If you or a loved one are facing aggravated assault in Texas or New Mexico, trust the Benjamin Law Firm for expert representation. We’re ready to start fighting for you today.

Aggravated Assault Case Timeline

Arrest and Initial Appearance (Weeks 1 – 2)

With very limited exceptions, almost all aggravated assault cases begin with an arrest. This arrest follows law enforcement’s investigation, where they gathered evidence and established probable cause to make the arrest.

Once arrested and brought into custody, the accused is brought before the court for an initial appearance, which usually happens within 24 or 48 hours of the arrest. At the initial appearance, the judge or magistrate informs the accused of the charges against them, appoints legal representation if needed, and makes a decision regarding bail. Bail may be denied or approved with specific conditions, allowing the accused to await trial from home.

Arraignment (Weeks 2 – 4)

The next stage in the aggravated assault case process is an arraignment, which typically occurs a couple of weeks after the accused is arrested. During the arraignment, the accused will be formally read the charges they are facing and will have the opportunity to enter a plea of guilty, not guilty, or no contest. The court will also set out a timeline for discovery, or the exchange of evidence between the defense and the prosecution, as well as set a time for the next hearing. An experienced defense attorney can also use the arraignment as an opportunity to renegotiate the terms or amount of bail.

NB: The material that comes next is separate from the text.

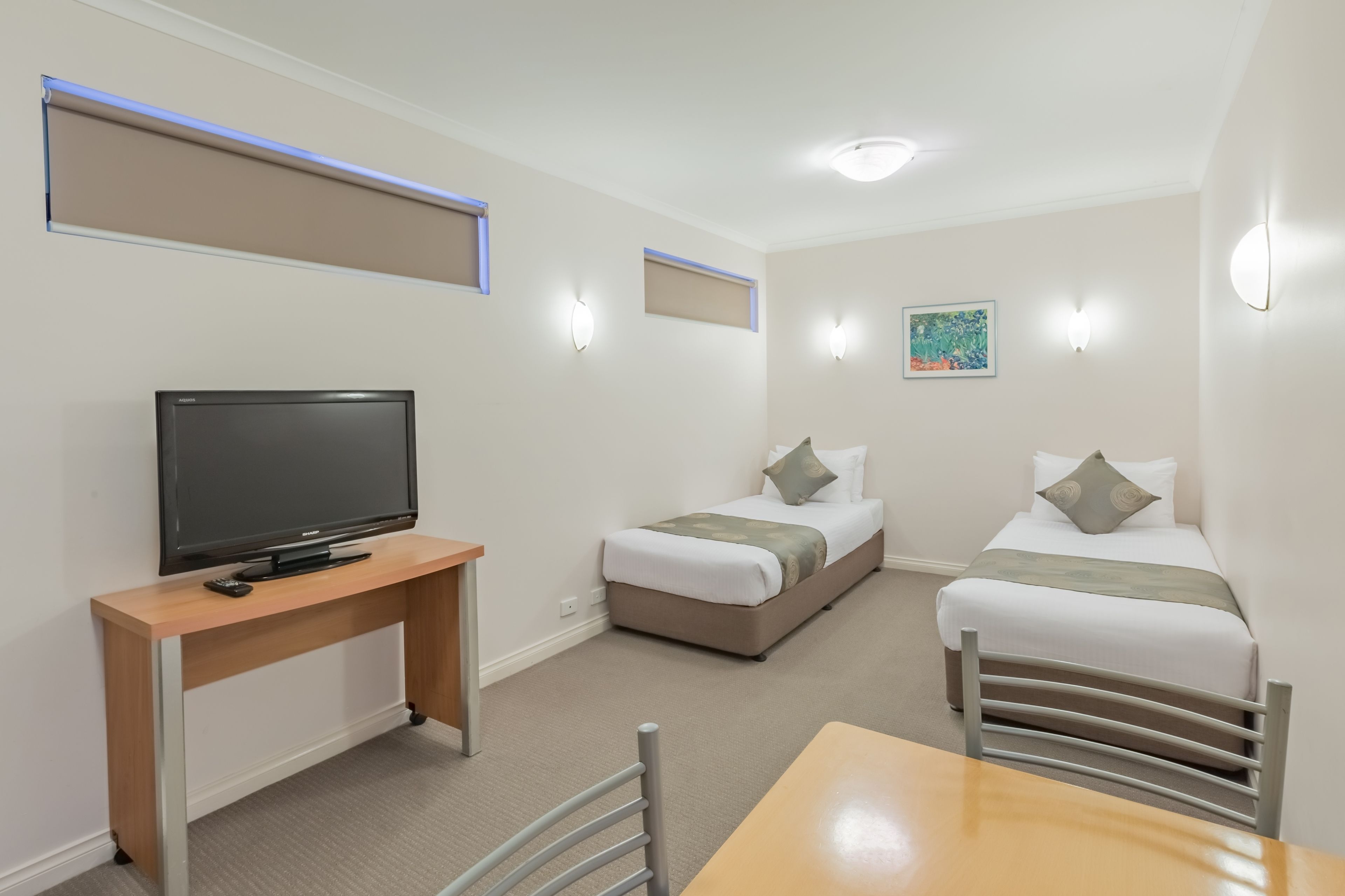 A hotel room with a TV, two beds, a desk, and a table.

Pretrial Motions and Hearings (Weeks 4 – 16)

Next, the aggravated assault case will reach pretrial motions and hearings. This is when the defense and the prosecution have opportunities to file and respond to motions, and the court has a chance to conduct a hearing on the merits of those motions. Essentially, this phase sets the tone for the upcoming trial and determines the scope of evidence that will be heard. A skilled criminal defense attorney may file motions to suppress evidence and statements or have the charges dropped, depending on the facts of the case. 

Case Preparation and Negotiation (Months 4 – 6)

Once critical issues have been resolved in pretrial motions, the next phase, while awaiting trial, is case preparation. An experienced defense attorney will conduct further investigation and collaborate with the accused to come up with an effective defense strategy. They will consult experts, line up witnesses, and prepare counterarguments to anticipated arguments from the prosecution. 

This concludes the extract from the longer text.